GVL effect depends on the presence of tumor antigen-primed CD8⁺ or CD4⁺ effector T cells, the ability of such T cells to traffic to sites of leukemic growth, the persistence of cells in sufficient concentrations at tumor sites, and the capacity of T cells to maintain cytotoxic effector functions in the face of local immunosuppressive mechanisms (Dudley et al., 2005). We have previously showed that a higher TBI dose (1300 vs. 900 cGy) resulted in a significant reinforcement of the GVL effect, and mechanistically, this is likely to be caused by alterations in effector T cell trafficking into the tumor tissue (Lim et al., 2011). In the present study, increased aGVHD severity by intensifying conditioning, however, did not translate into enhanced GVL effect when MyD88 is deficient in donor T cells, suggesting that the GVHD-induced GVL effects were not observed in the allogeneic recipients of MyD88KO T cells and maintaining MyD88-expressing effector T cells within the tumor microenvironment are viewed favorably in terms of reducing leukemia relapse after allo-SCT.

We also observed a significant increase of CD4⁺ or CD8⁺Foxp3⁺ Treg cells as well as Foxp3 expression in the spleen and TDLN within the recipients administered with MyD88KO T cells although the mechanism through which MyD88 deficiency results in Treg expansion is not clear. The protective effect of Treg on aGVHD has already been demonstrated in several models (Shin et al., 2011; Taylor et al., 2002). In the recipients of MyD88KO T cells enhancing Tregs and TH2 cells and decreasing TH1 cells in spleen and TDLN early after transplantation but decreasing Tregs and TH2 after the lapse of time may be associated with reducing GVL effect rather than the GVHD-associated tissue damage. We assume that the kinetics of pro-inflammatory cytokine production would be in line with the dissociation between GVHD and GVL effect (Fig. 3D). The contribution of TH17 cells in aGVHD is somewhat controversial. In our study, we did not detect any differences in IL-17A production by T cells 1 week after allo-SCT but serum levels of IL-17A were significantly reduced in the recipients of MyD88KO T cells. Interestingly, production of IL-17A from MyD88 KO T cells was markedly reduced in T cells from MyD88KO compared to those from WT mice (Chang et al., 2013).

In this donor/recipient strain combination (B6 → B6D2F1), GVHD mortality is critically dependent on donor CD4⁺ T cells, while CD8⁺ T cells that mediate cytotoxicity are more potent effectors of GVL effect (Schmaltz et al., 2001; Teshima et al., 1999; Yang et al., 1997). Taking into account the comparable severity of aGVHD, the host-specific responses in MyD88KO donor CD4⁺ T cells might be preserved. In vitro, however, the absence of MyD88 results in defective cytolytic activity in CD8⁺ T cells to tumor and a reduced ability to secrete pro-inflammatory cytokines to host antigens. Subsequently, functional dissociation of the two T-cell subsets according to MyD88 deficiency in T cells might be a cause of maintaining GVHD severity with reduced GVL effect.
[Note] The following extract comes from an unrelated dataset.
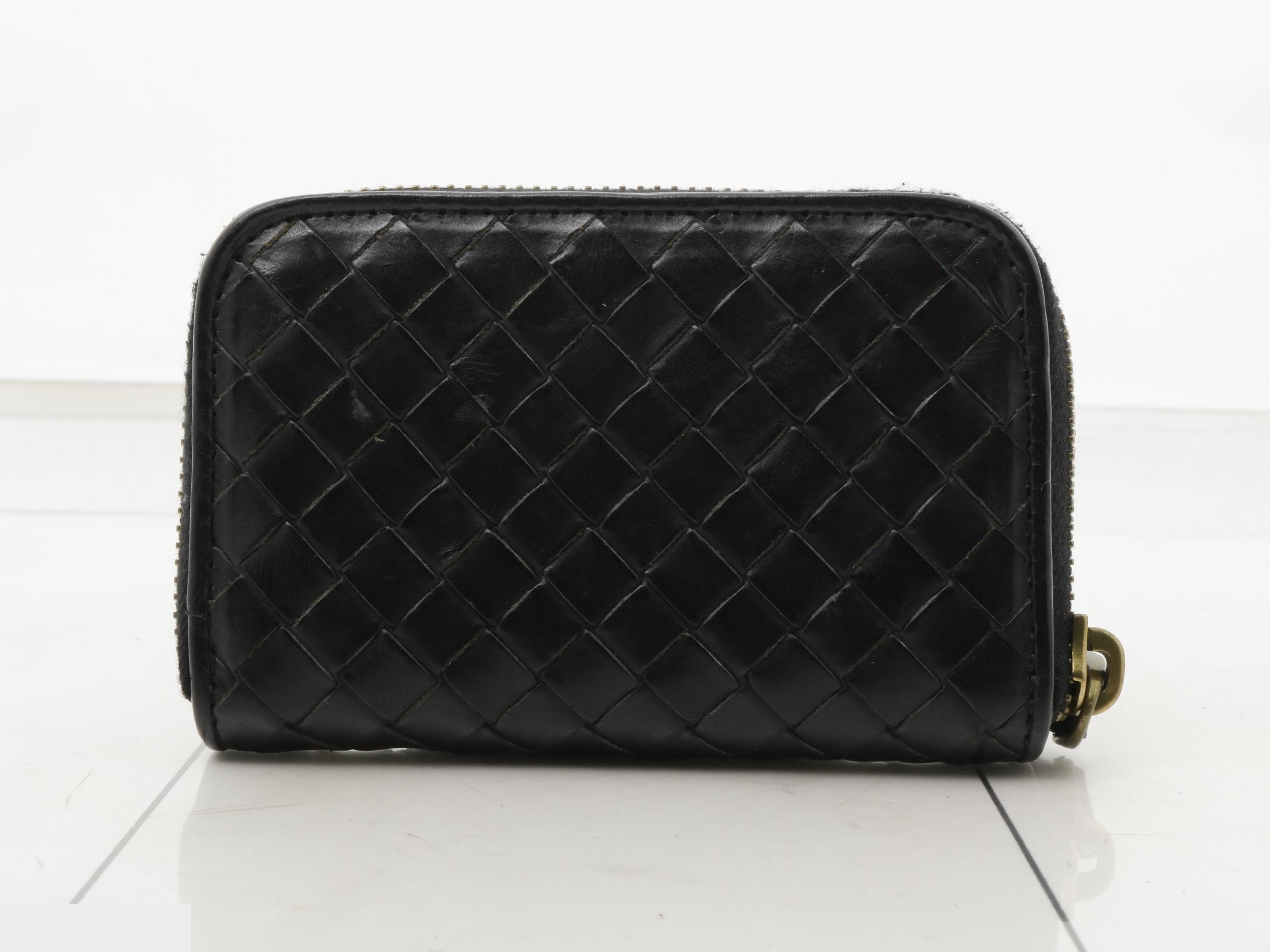 Intrecciato Round Zipper Coin Case, Black — view 2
In summary, these data demonstrate that the MyD88 of donor T cells is critical for preservation of GVL activity regardless of the occurrence of aGVHD in this allo-SCT model, offering the opportunity for improving GVL activity by targeting TLR-MyD88 signaling within donor T cells. The dissociation of GVL effect from GVHD may ultimately allow us to design new effective therapeutic modality against hematologic malignancies, which can harness the beneficial GVL effect and reduce the toxicity of GVHD.